Researchers have conducted many experiments to study the complex interaction between hydraulic fractures and natural fractures. For instance, Daneshy [5] conducted experiments on a formation containing natural fractures and found that the natural fracture strength, approaching angle, and principal stress difference significantly affected the interaction between hydraulic fracture and natural fracture. Blanton [6] confirmed that natural fractures were generally activated by hydraulic fracture under the low-stress difference. Researchers proposed several models based on these experimental results for predicting crack interactions. Renshaw and Pollard [7] proposed a criterion for predicting hydraulic fracture behavior after crossing orthogonal cracks, which was verified through comparisons with the experiment results. Gu et al. [8] improved the criterion and predicted nonorthogonal cracks. In addition, researchers considered other factors, such as crack properties [9], fluid viscosity, and injection rate [10], within the frame of the aforementioned criterion. Although they can judge the interaction between natural fracture and hydraulic fracture, these criteria only consider a single crack. However, a complex network is always generated during hydraulic fracturing, and the existing criteria cannot describe crack initiation and propagation induced by hydraulic fracturing in fractured reservoirs.
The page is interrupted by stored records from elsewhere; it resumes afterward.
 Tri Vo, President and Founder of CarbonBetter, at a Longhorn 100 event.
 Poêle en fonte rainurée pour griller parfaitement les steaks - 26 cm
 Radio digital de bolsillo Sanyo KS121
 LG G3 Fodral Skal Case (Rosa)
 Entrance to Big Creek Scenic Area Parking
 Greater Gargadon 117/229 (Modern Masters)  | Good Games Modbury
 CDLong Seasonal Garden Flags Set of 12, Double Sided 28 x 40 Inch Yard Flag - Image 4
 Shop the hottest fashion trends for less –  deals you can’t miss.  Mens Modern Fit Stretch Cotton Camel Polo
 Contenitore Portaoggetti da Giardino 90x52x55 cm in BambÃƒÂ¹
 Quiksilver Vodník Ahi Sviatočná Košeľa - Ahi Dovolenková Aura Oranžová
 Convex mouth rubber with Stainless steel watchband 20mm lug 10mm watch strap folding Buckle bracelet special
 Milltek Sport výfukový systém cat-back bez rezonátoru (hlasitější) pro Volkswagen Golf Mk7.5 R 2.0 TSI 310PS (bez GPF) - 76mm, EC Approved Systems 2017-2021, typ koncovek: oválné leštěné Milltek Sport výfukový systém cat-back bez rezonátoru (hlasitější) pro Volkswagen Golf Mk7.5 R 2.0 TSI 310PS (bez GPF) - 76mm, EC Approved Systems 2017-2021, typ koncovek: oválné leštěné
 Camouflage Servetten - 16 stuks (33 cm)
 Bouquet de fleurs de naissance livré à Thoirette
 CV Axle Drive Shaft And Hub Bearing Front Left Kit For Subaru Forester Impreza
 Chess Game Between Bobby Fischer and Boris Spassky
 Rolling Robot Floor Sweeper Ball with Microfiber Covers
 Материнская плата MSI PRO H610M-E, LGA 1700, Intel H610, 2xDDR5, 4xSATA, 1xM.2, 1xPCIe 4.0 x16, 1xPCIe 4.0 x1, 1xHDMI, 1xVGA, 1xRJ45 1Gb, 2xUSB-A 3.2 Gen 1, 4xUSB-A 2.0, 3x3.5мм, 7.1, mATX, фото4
Numerical simulation can be used to simultaneously investigate the complex propagation of cracks and the influence of a variety of factors. Currently, the finite element method is widely utilized for simulating hydraulic fracture propagation, facilitating an approximation of crack propagation through element failure [11]. In comparison to traditional finite element methods, the extended finite element method [12] accurately simulates actual crack propagation. It can intuitively represent crack propagation, but the interaction between multiple cracks requires further improvement. The discrete element method can directly simulate crack interactions [13], but it is not suitable for actual engineering practice because the calculation scale is small [14]. The finite discrete element method [15], which couples the finite element method and discrete element method, has also been successfully applied to hydraulic fracturing [16], but the fluid leak-off is ignored in the simulation of hydraulic fracture propagation.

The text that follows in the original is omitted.